As the market for smartphones and tablets flatten, processor vendors and their many suppliers in design software and services are branching out. The industry transition to 10nm chips, as exemplified by Qualcomm’s new Snapdragon 835 processor, is pointing to a future with more sophisticated components to deal with images, 4K videos, and voice commands, in addition to processing data.

Strategy Analytics estimates that Qualcomm commanded 39% of the global smartphone AP market during the first six months of 2016. MediaTek held second place, with 23%, and Apple took third, with 15% market share. The smartphone AP market reached sales of $10 billion in the first half of last year, a 3% gain from the same period in 2015, according to the market research firm.

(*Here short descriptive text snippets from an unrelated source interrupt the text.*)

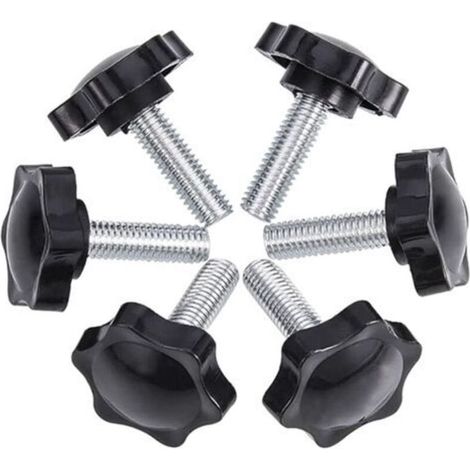 Pair - M8x25mm Vis de pouce, étoile en plastique moletées Bouton de serrage à vis Thumbscrew(20pcs) (1/5)
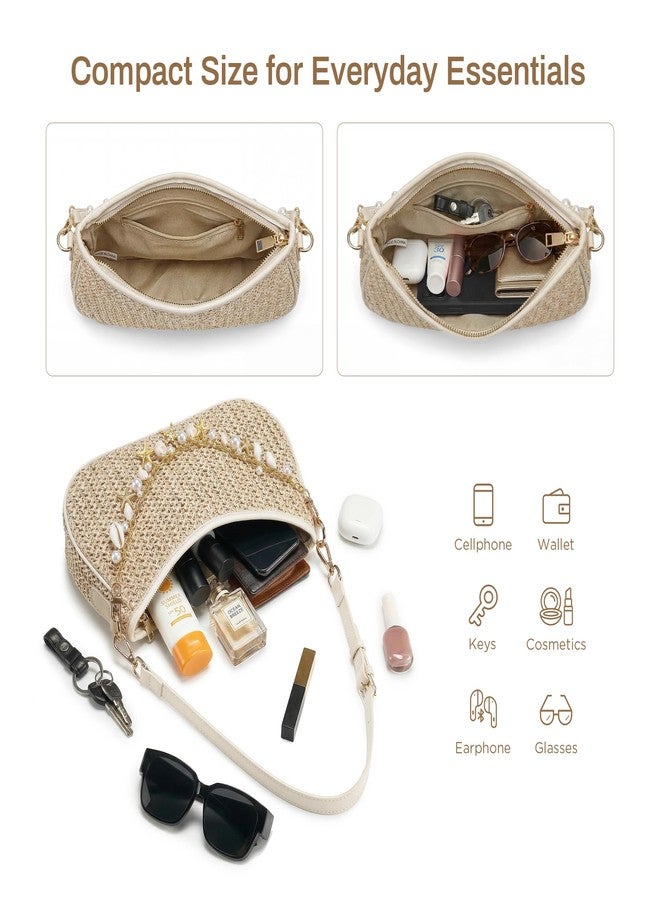 CHUNLI Straw Shoulder Bag for Women, Boho Woven Raffia Hobo Purse with Charm Chain, Adjustable Strap Summer Beach Vacation Bag - Image 5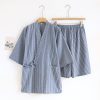 Washed Cotton Thin Striped Pajamas - Image 10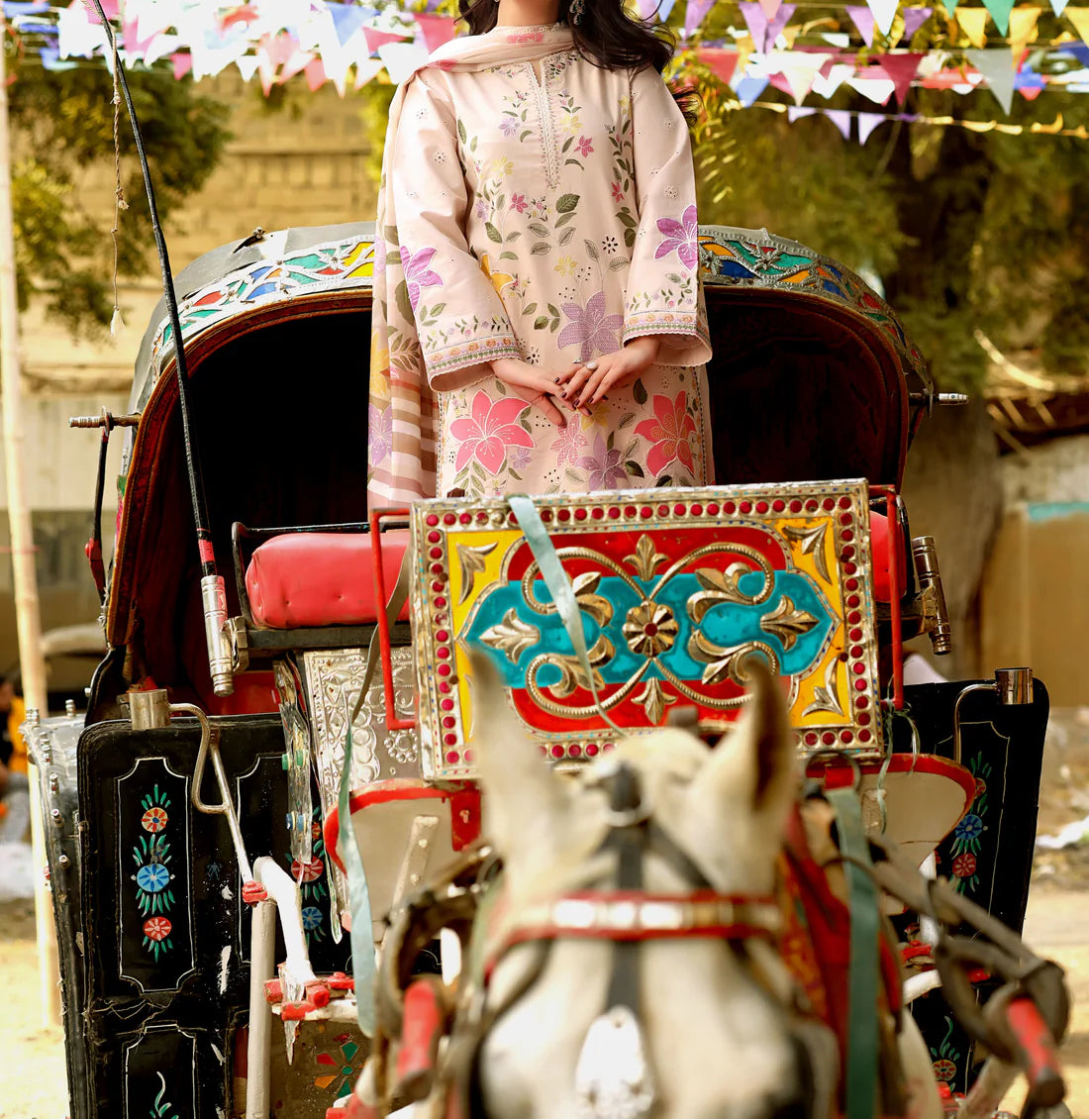 Grace S1503 - Embroidered 3pc CHIKANKARI Lawn Dress With Printed Lawn Dupatta.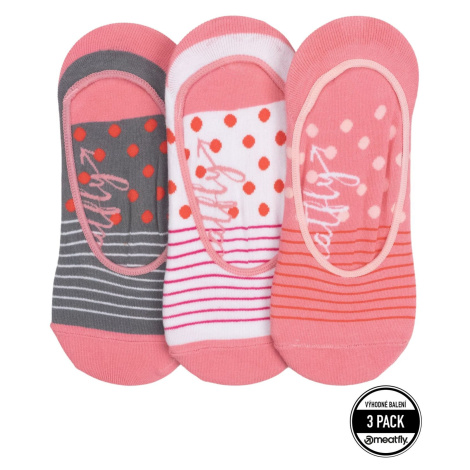 Ponožky Meatfly Low Socks Triple Pack, růžová Stripe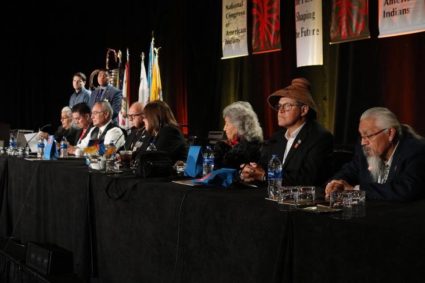National Congress of American Indians Presidents gather to present to youth and tribal leaders at a conference. Photo Courtesy of the National Congress of American Indians Facebook page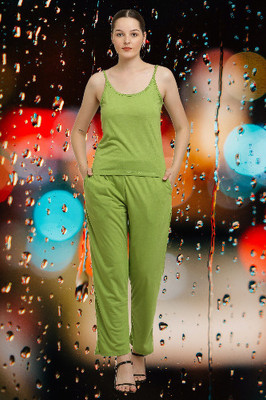 CANIDAE Women Solid Light Green Top & Pyjama Set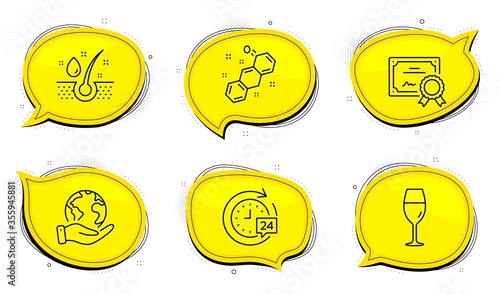Wineglass sign. Diploma certificate, save planet chat bubbles. 24h delivery, Serum oil and Chemical formula line icons set. Stopwatch, Healthy hairs, Chemistry. Burgundy glass. Business set. Vector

“Qualcomm maintained its smartphone AP market share leadership despite MediaTek’s strong inroads in 1H 2016,” said Strategy Analytics’ Sravan Kundojjala in a statement. “After a less successful 2015, Qualcomm continued to recover its flagship market share with the newly launched Snapdragon 820, which featured in several flagships, including the Samsung Galaxy S7 Edge, LG G5, Xiaomi Mi 5, OnePlus 3 and others. Qualcomm’s mid-range Snapdragon 652, 650 and 400 series of chips also gained good traction during 1H 2016 and helped Qualcomm to maintain volume.”

That won’t be enough to sustain the kind of growth rates that companies like Qualcomm and Samsung have seen in the past, though, which explains why they are both getting into connected cars in big ways. Qualcomm’s proposed acquisition of NXP Semiconductors and Samsung’s purchase of Harman International Industries are evidence of this new way of thinking. This analysis, and this one, detail how Qualcomm and Samsung are diversifying their chip efforts into cars, drones, and other products.

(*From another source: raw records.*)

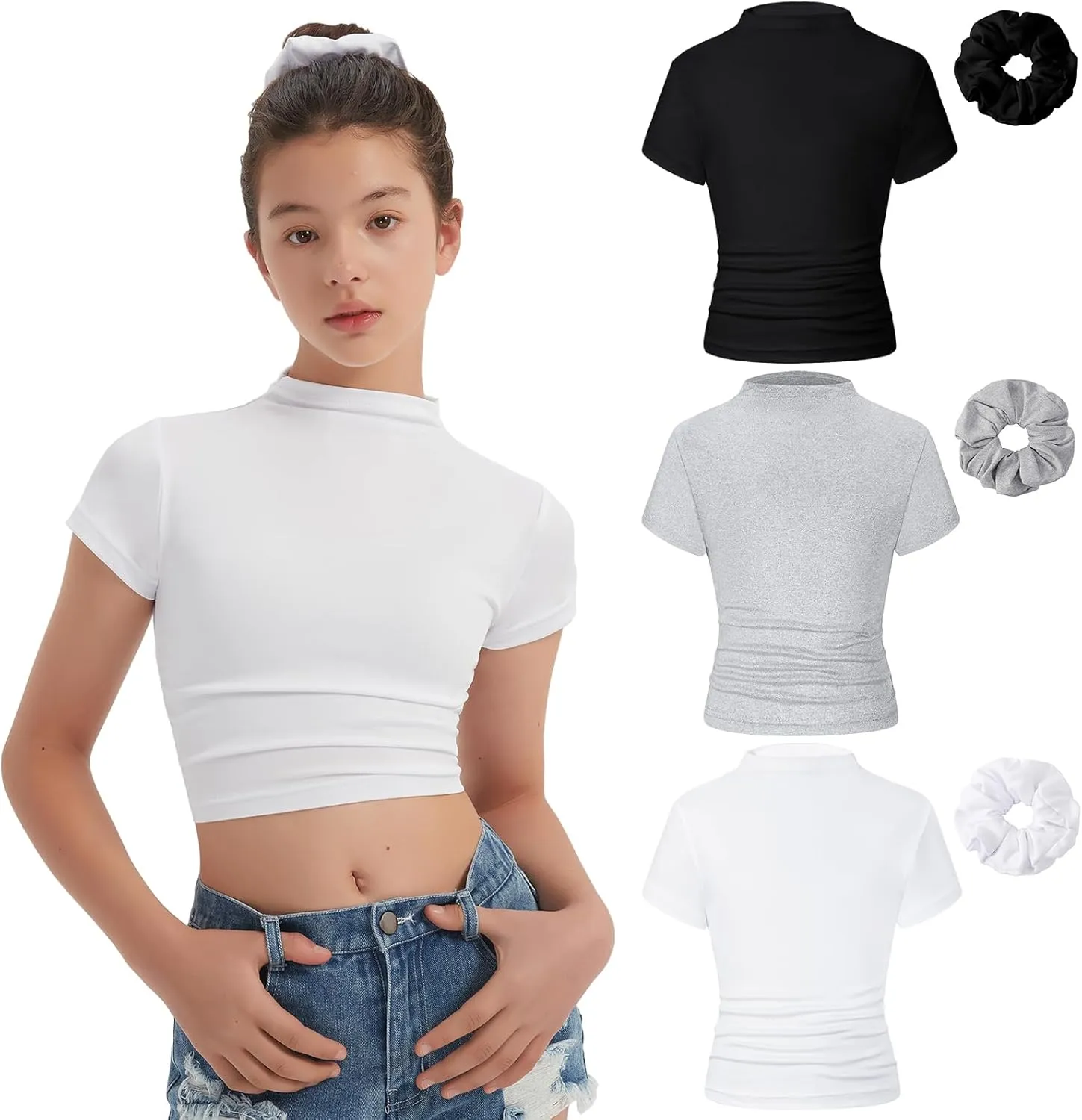EXARUS 3 Pack Girls Cropped Slim Fit T Shirts Short Sleeve Soft Basic Crew/Mock/Square Neck Tees Side Waist Ruched Tops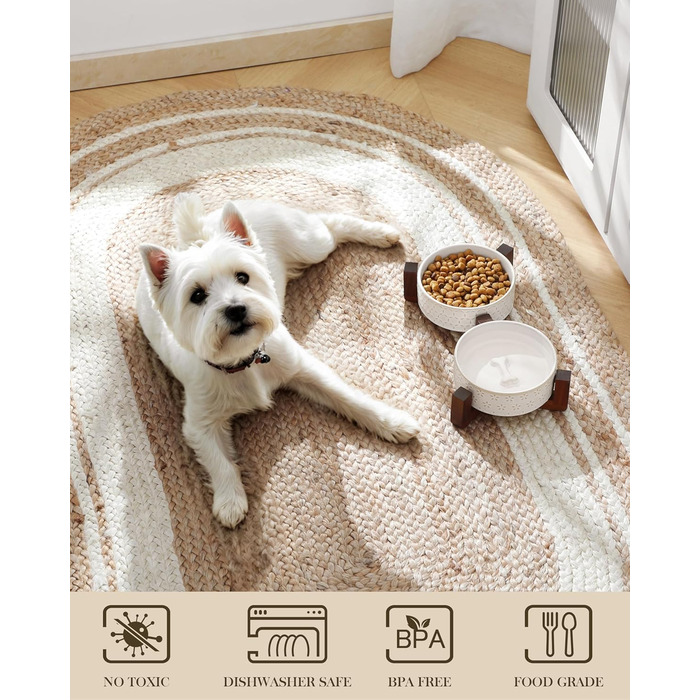 Миска для собак Malacasa з підставкою з горіхового дерева, 450 мл, подвійна миска для собак та котів, для корму та води, неслизька підставка, візерунок у вигляді п'ятипелюсткового клеверу та соти, 450 мл * 2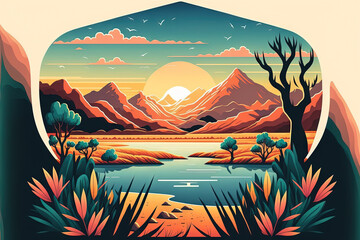 The front vista, with its long mountains and lagoon or reservoir against a clear sky, lush surroundings, and sunset Landscape template in nature. Generative AI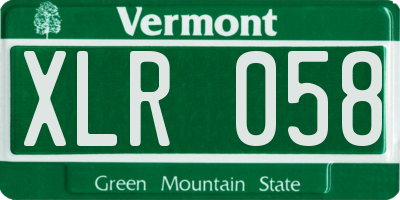 VT license plate XLR058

NXP brought its new i.MX M8 Series application processors for IoT devices to CES, unveiling four models for audio, vision, and voice processing. Each IC has up to four 1.5-gigahertz ARM Cortex-A53 and ARM Cortex-M4F cores, along with full 4K UltraHD resolution and HDR video quality, and up to 20 audio channels and DSD512 audio.

Steve Roddy, senior group director, Tensilica marketing, at Cadence Design Systems, sees “an explosion of heterogeneous processing elements” in mobile processors, as “the number and complexity of digital signal processors really take off.” Mobile processors now are “always on, always listening,” he observes.

The Google Translate service currently runs on convolutional neural networks, Roddy notes. The upgrading of the language translation service now depends upon “how many compute islands are available,” he says. This kind of data processing is “more than megahertz,” he comments.

While processors are getting brawnier, their power efficiency is advancing by 20x, according to the Cadence executive. “We still need general-purpose CPUs,” he adds. At the same time, specialization for processors is requiring “more and more complex use cases,” Roddy says.

Today’s mobile processors are doing a lot more than taking selfies, though. Application processor companies are building on their research and development investments for handsets by “repurposing chipset devices” for other applications, notably automotive/infotainment electronics, drones, IoT, and security cameras, Roddy says.